WHAT TO WORK ON:
Everything from the line containing "2015 Toyota Land" through the final line of the entries must be repeated exactly, and only that, without pictures.

<<<<

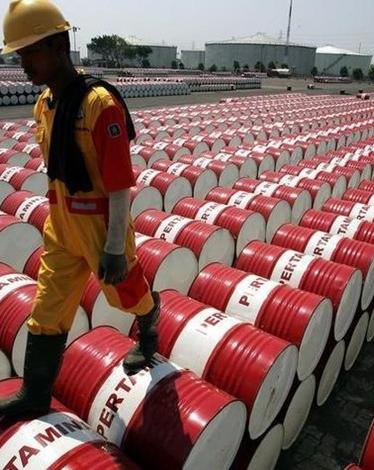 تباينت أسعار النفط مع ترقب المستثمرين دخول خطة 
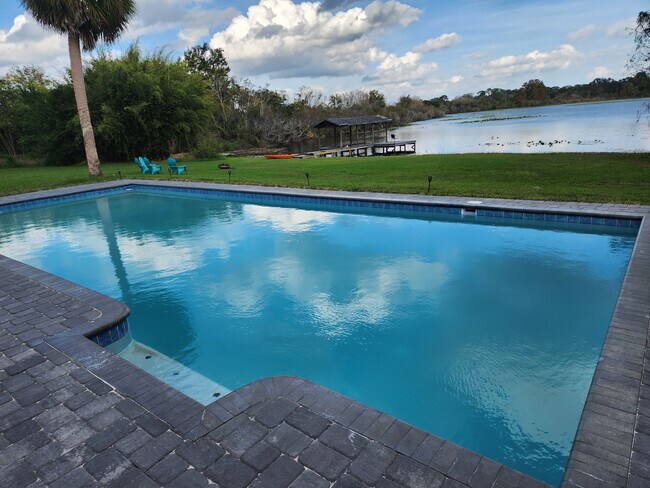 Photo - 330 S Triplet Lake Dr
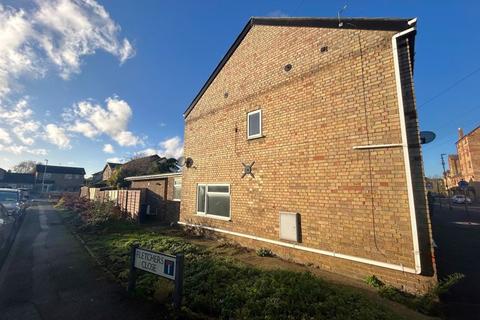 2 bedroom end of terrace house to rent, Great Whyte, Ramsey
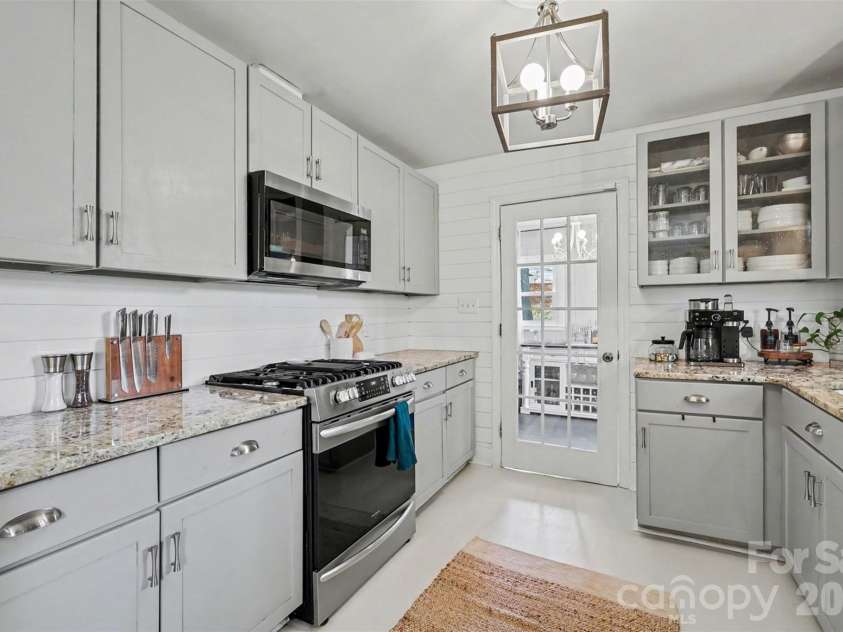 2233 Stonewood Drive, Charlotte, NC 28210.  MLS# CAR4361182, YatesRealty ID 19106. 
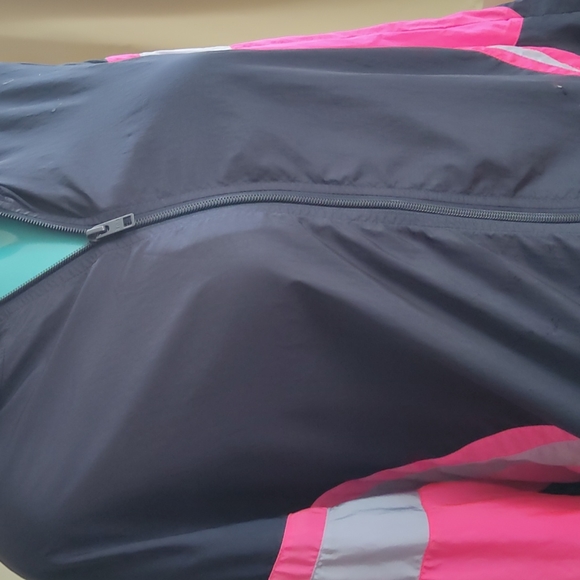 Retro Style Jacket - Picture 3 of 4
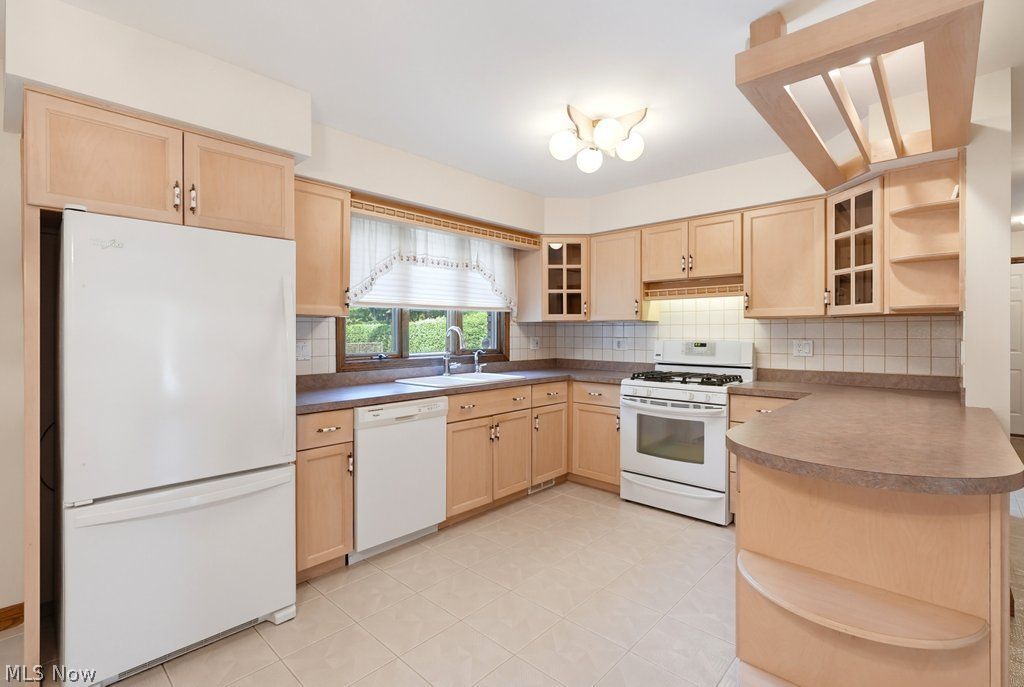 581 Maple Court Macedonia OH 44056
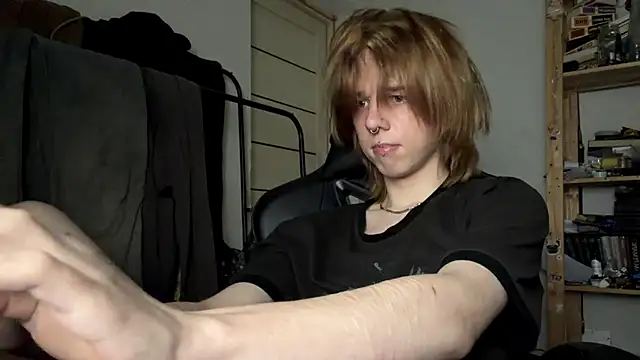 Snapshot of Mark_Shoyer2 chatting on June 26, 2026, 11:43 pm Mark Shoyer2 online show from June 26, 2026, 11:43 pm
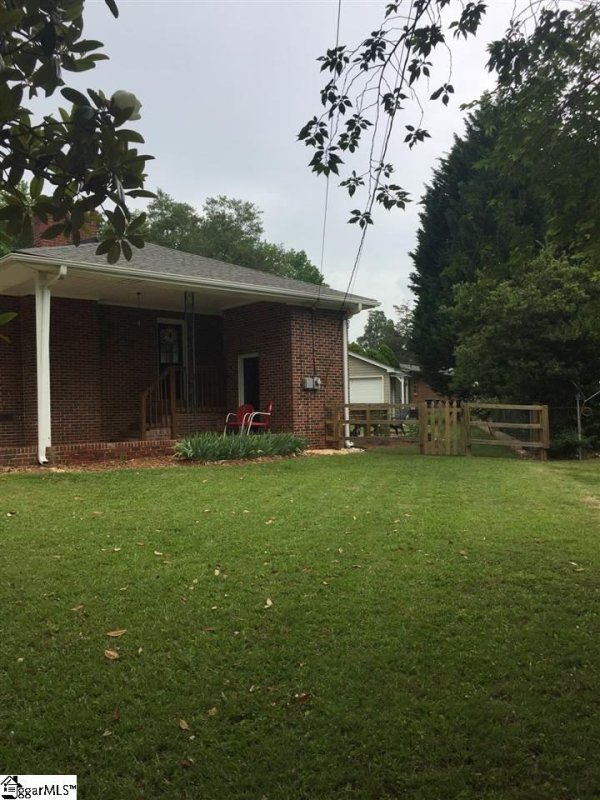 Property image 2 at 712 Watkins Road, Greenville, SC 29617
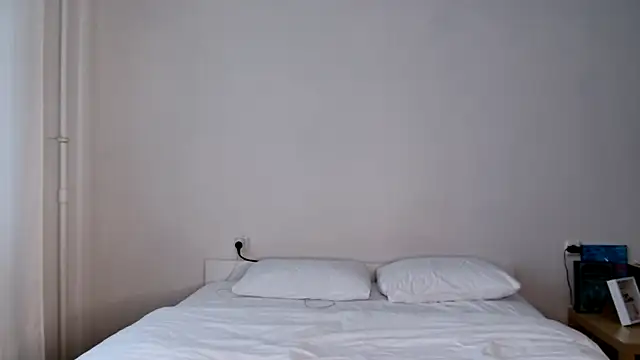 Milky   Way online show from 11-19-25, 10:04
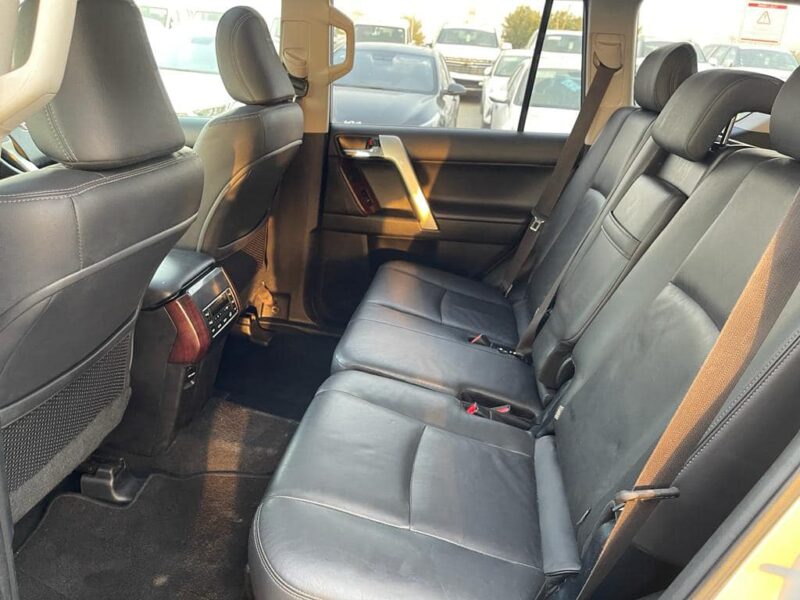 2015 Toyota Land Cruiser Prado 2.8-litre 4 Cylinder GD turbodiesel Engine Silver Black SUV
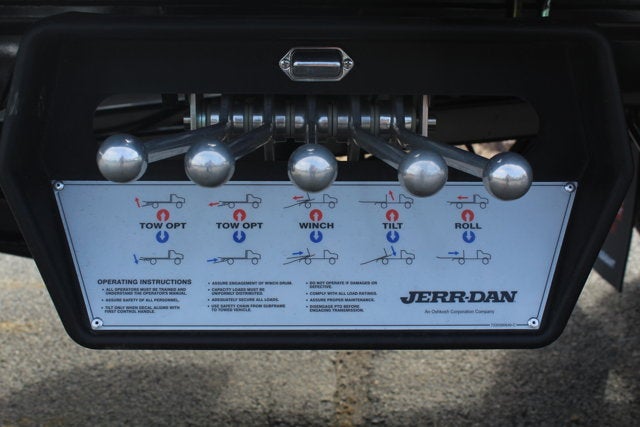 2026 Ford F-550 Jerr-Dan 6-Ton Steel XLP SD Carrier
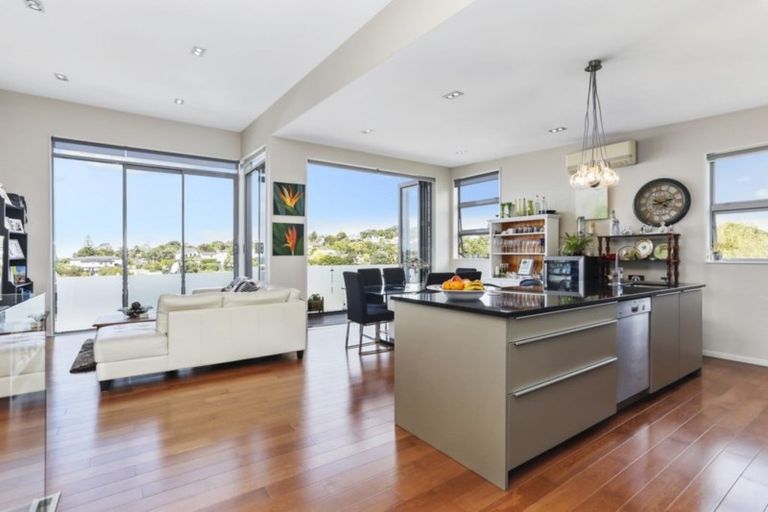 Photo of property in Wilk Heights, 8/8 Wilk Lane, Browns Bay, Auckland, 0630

>>>>

EXERCISE ANSWER:
 2015 Toyota Land Cruiser Prado 2.8-litre 4 Cylinder GD turbodiesel Engine Silver Black SUV
 2026 Ford F-550 Jerr-Dan 6-Ton Steel XLP SD Carrier
 Photo of property in Wilk Heights, 8/8 Wilk Lane, Browns Bay, Auckland, 0630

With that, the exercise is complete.